**What needs to be done:** Set down the data that follows, exactly and completely.

**Input data:**
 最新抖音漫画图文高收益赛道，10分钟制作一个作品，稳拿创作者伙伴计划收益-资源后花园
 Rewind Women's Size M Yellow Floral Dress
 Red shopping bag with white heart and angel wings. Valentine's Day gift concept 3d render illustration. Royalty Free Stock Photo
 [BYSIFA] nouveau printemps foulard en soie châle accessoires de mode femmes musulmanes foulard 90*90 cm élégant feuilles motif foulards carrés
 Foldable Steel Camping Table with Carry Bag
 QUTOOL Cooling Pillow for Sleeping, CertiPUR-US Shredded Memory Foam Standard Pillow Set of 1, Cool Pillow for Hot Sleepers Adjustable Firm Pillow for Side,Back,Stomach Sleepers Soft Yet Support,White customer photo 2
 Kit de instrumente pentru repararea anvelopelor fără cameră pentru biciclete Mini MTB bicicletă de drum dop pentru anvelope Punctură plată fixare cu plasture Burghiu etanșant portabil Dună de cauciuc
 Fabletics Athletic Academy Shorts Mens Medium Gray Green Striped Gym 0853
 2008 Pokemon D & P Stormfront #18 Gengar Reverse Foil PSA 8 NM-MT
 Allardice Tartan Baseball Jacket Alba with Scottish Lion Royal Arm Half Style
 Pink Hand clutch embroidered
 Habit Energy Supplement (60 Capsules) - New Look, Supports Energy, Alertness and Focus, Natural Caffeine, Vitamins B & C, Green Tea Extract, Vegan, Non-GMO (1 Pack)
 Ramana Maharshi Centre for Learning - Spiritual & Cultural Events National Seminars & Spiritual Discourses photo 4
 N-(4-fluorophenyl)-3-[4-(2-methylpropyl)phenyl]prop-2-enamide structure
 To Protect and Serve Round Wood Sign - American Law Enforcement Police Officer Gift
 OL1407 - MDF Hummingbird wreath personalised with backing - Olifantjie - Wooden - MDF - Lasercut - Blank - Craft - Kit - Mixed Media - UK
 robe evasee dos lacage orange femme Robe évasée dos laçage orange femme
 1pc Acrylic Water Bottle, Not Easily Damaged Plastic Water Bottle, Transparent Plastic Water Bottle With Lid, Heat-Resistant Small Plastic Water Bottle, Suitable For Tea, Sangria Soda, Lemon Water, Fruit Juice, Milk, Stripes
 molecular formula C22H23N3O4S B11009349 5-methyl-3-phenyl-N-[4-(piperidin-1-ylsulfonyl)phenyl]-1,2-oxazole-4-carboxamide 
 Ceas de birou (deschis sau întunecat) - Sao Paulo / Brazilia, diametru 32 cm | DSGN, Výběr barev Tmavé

**Result for this exercise:**
 最新抖音漫画图文高收益赛道，10分钟制作一个作品，稳拿创作者伙伴计划收益-资源后花园
 Rewind Women's Size M Yellow Floral Dress
 Red shopping bag with white heart and angel wings. Valentine's Day gift concept 3d render illustration. Royalty Free Stock Photo
 [BYSIFA] nouveau printemps foulard en soie châle accessoires de mode femmes musulmanes foulard 90*90 cm élégant feuilles motif foulards carrés
 Foldable Steel Camping Table with Carry Bag
 QUTOOL Cooling Pillow for Sleeping, CertiPUR-US Shredded Memory Foam Standard Pillow Set of 1, Cool Pillow for Hot Sleepers Adjustable Firm Pillow for Side,Back,Stomach Sleepers Soft Yet Support,White customer photo 2
 Kit de instrumente pentru repararea anvelopelor fără cameră pentru biciclete Mini MTB bicicletă de drum dop pentru anvelope Punctură plată fixare cu plasture Burghiu etanșant portabil Dună de cauciuc
 Fabletics Athletic Academy Shorts Mens Medium Gray Green Striped Gym 0853
 2008 Pokemon D & P Stormfront #18 Gengar Reverse Foil PSA 8 NM-MT
 Allardice Tartan Baseball Jacket Alba with Scottish Lion Royal Arm Half Style
 Pink Hand clutch embroidered
 Habit Energy Supplement (60 Capsules) - New Look, Supports Energy, Alertness and Focus, Natural Caffeine, Vitamins B & C, Green Tea Extract, Vegan, Non-GMO (1 Pack)
 Ramana Maharshi Centre for Learning - Spiritual & Cultural Events National Seminars & Spiritual Discourses photo 4
 N-(4-fluorophenyl)-3-[4-(2-methylpropyl)phenyl]prop-2-enamide structure
 To Protect and Serve Round Wood Sign - American Law Enforcement Police Officer Gift
 OL1407 - MDF Hummingbird wreath personalised with backing - Olifantjie - Wooden - MDF - Lasercut - Blank - Craft - Kit - Mixed Media - UK
 robe evasee dos lacage orange femme Robe évasée dos laçage orange femme
 1pc Acrylic Water Bottle, Not Easily Damaged Plastic Water Bottle, Transparent Plastic Water Bottle With Lid, Heat-Resistant Small Plastic Water Bottle, Suitable For Tea, Sangria Soda, Lemon Water, Fruit Juice, Milk, Stripes
 molecular formula C22H23N3O4S B11009349 5-methyl-3-phenyl-N-[4-(piperidin-1-ylsulfonyl)phenyl]-1,2-oxazole-4-carboxamide 
 Ceas de birou (deschis sau întunecat) - Sao Paulo / Brazilia, diametru 32 cm | DSGN, Výběr barev Tmavé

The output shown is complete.